It’s been more than two years since financial education was embedded into the school curriculum here in the UK. While I believe we've seen some progress, we must still push further to ensure young people make informed choices with full knowledge of the potential consequences – positive and negative.

Troubling trends

At the end of 2016, research from The London Institute of Banking and Finance found that 58% of 15 to 18-year-olds hadn’t received any fiscal education. At the same time, the Financial Services Compensation Scheme (FSCS) released a similar study revealing that millions of young children have no experience with money at all.

Meanwhile, charity StepChange recently announced that record numbers of people sought advice for problem debt last year, with UK credit card debt hitting record highs of £66.7 billion. This means it’s never been more important that we get this right.

Building real understanding

My own most memorable real-world lesson on debt came 30 years ago, when I bought a £120 microwave on credit. I repaid the agreed amount on time every month for a year, only to find that I still owed roughly the same amount. I realised then that it’s better to save for things than to buy them and then pay more for them later.

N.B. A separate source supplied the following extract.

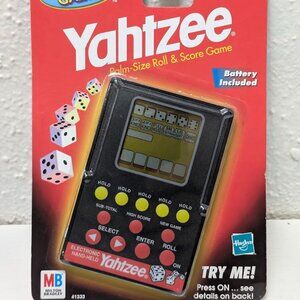 NEW Yahtzee Electronic Handheld Game 1999 Milton Bradley Hasbro Credit Card Game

Young people need to be taught value in the same way. It’s not all about comparing offers, products and packages presented to them – it’s about earning the money before they can spend it. A House of Lords report published last month says that 40% of the working age population currently has less than £100 of savings. That’s unacceptable.

Of course, at Dukes Bailiffs we know debt isn’t always a choice. Because of this, we need to help build awareness that, if you do get into debt, the consequences can include court orders, criminal proceedings, high costs and sometimes losing your home. Practical advice on prioritising repayments to avoid these outcomes is essential.

Where we learn

While I believe that schools can do better in helping get these lessons across, there are others who can make a difference. The FSCS study highlighted that just 65% of parents offer their children financial incentives as a reward for helping around the home. Increasing this number and using it as an opportunity to help them understand the simple principles that underpin our modern economy could prove very beneficial.

Companies like ours can also have an impact. It’s not in our interests, any more than credit card and personal loan companies, to raise a generation of people unable to repay their debts. At the start of April, FCA Director of Competition Mary Starks rightly pointed out that intermediaries must work harder to make their charges clear to consumers of all ages.